TASK INSTRUCTIONS
The response should repeat word for word every line below from the one with "Roger 19+33.2m2 (9.56x5.5m" to the one with "Elf Boy Building", inclusive, and nothing else; leave pictures out.

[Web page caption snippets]
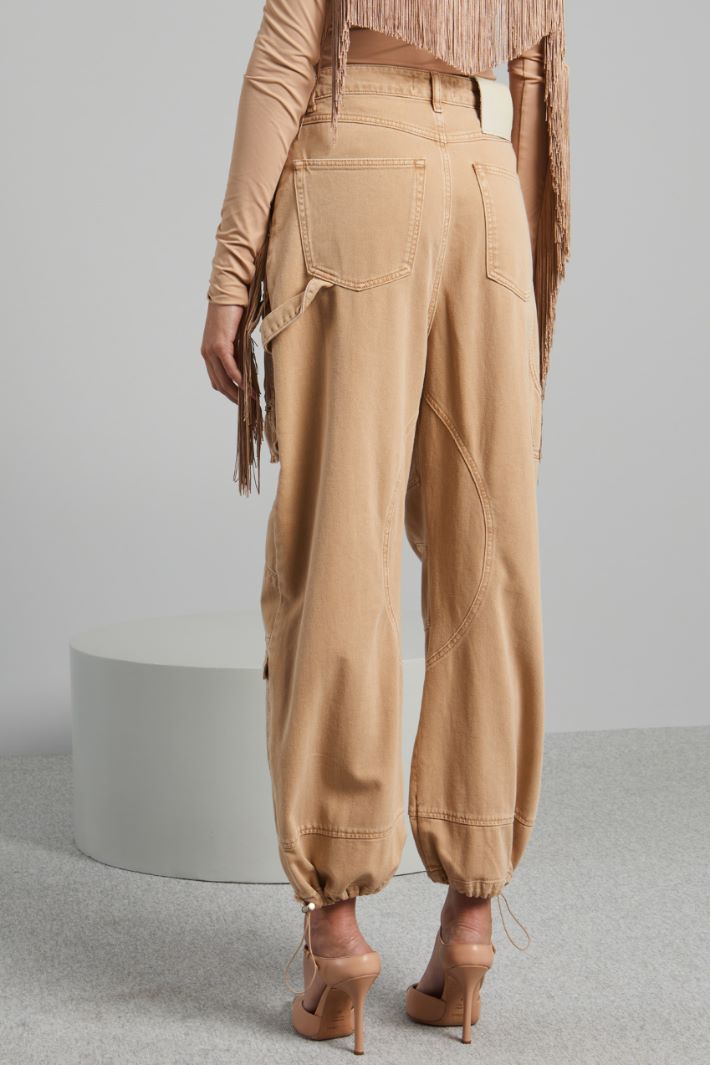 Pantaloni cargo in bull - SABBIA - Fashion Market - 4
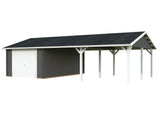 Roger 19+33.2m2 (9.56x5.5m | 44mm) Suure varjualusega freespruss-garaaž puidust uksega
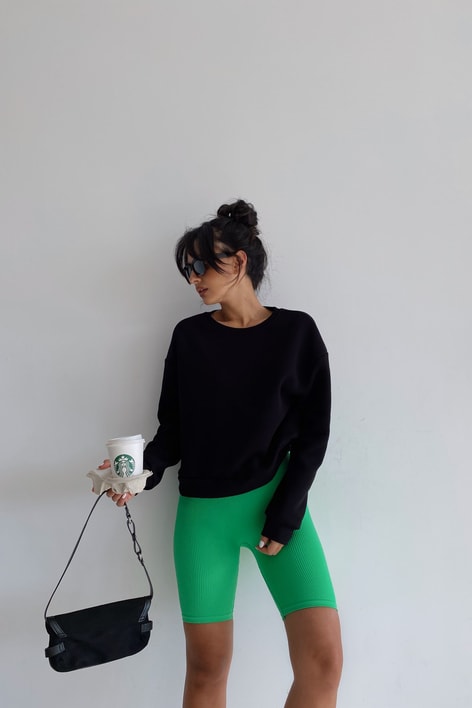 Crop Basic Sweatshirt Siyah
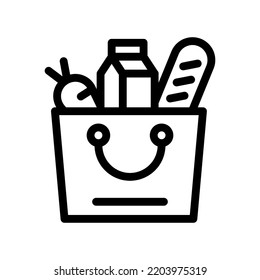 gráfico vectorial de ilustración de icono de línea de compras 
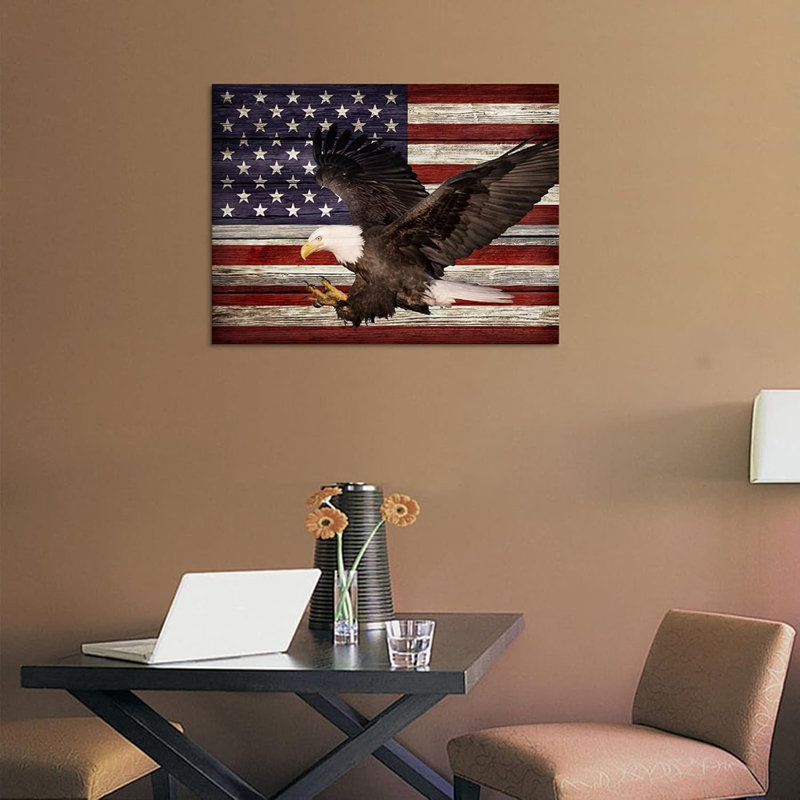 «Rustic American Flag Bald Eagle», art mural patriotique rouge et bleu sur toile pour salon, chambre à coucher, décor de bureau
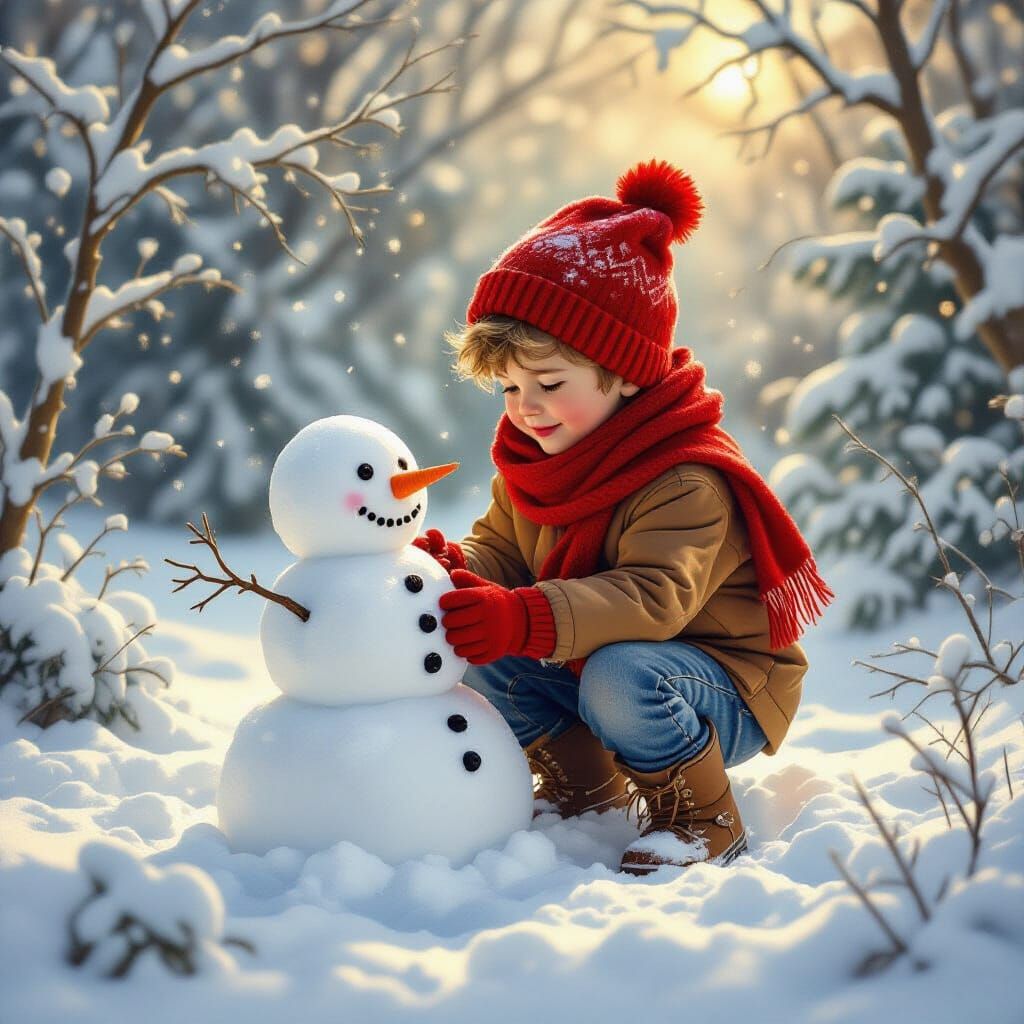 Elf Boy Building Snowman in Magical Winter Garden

==

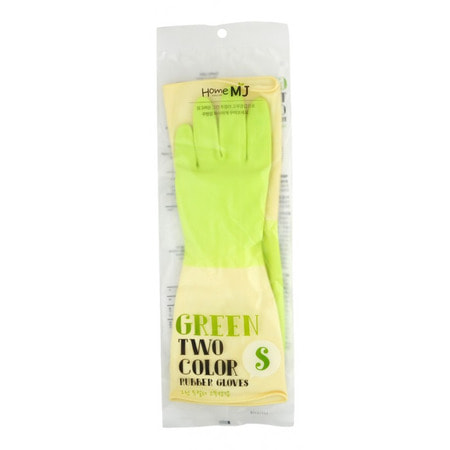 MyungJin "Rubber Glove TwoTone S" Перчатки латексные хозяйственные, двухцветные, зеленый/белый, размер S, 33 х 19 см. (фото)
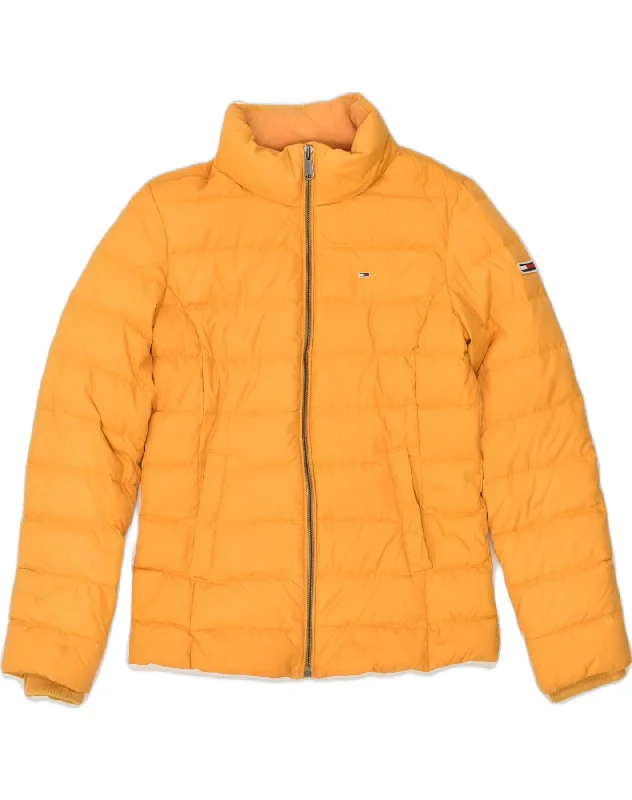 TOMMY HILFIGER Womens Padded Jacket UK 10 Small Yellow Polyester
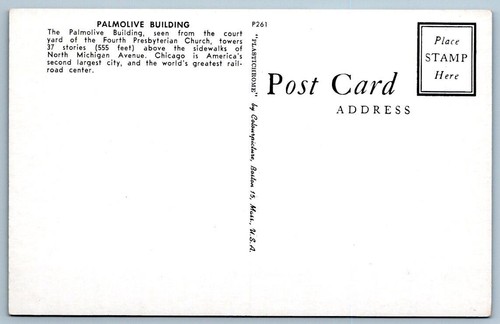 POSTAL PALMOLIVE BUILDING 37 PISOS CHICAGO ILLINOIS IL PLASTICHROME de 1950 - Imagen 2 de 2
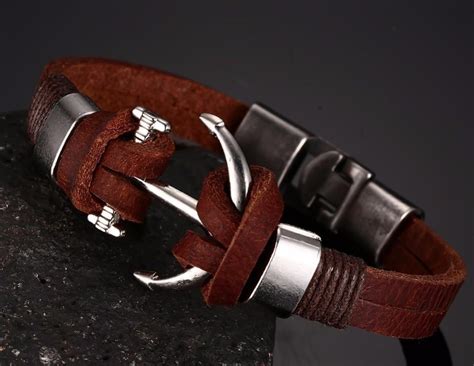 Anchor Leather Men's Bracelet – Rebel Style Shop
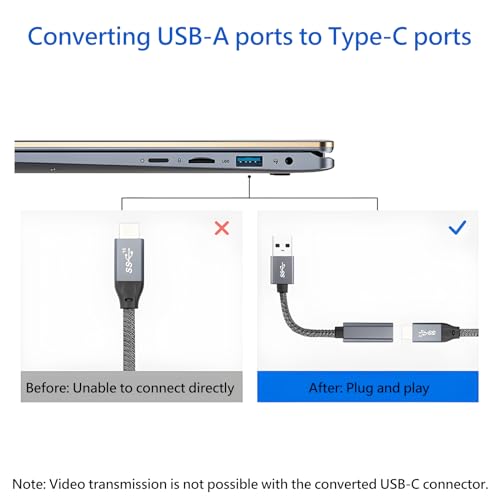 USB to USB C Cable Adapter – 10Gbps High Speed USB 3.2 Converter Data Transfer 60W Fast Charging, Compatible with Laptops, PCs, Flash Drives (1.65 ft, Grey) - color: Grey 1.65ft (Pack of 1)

SOLUTION TO THIS TASK
 Roger 19+33.2m2 (9.56x5.5m | 44mm) Suure varjualusega freespruss-garaaž puidust uksega
 Crop Basic Sweatshirt Siyah
 gráfico vectorial de ilustración de icono de línea de compras 
 «Rustic American Flag Bald Eagle», art mural patriotique rouge et bleu sur toile pour salon, chambre à coucher, décor de bureau
 Elf Boy Building Snowman in Magical Winter Garden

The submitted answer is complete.